Vintage Zionist bravado was uncorked by Benjamin Netanyahu during his closed-door meeting last month with American contributors to an Israeli military recruitment program targeting ultra-religious Jews. The American-educated former Israeli Prime Minister, now hardline opposition leader and magnet for the right, has called for a pre-emptive nuclear strike against Iran. Netanyahu was the original recipient of the neo-con expansionist “clean break” blueprint in the nineties, which was eventually recycled back in the U.S. as the Program for a New American Century.

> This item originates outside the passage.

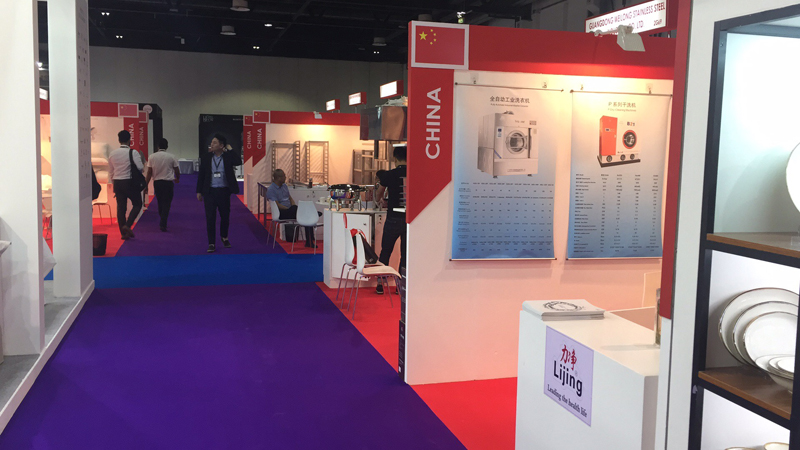 .17c嫩嫩草色视频洗滌設備有限公（gōng）司榮登迪拜國際酒店展覽會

While appreciative of anticipated largesse, Netanyahu told the visiting heavy hitters that their vessel was sinking. With intermarriage and assimilation swamping the good ship Diaspora, there is “no future” for Jews living outside Israel. Journalists immediately took embarrassing note that the last Israeli politician to give public voice (in 2000) to that hoary backroom chestnut was President Moshe Katsav, currently accused of rape.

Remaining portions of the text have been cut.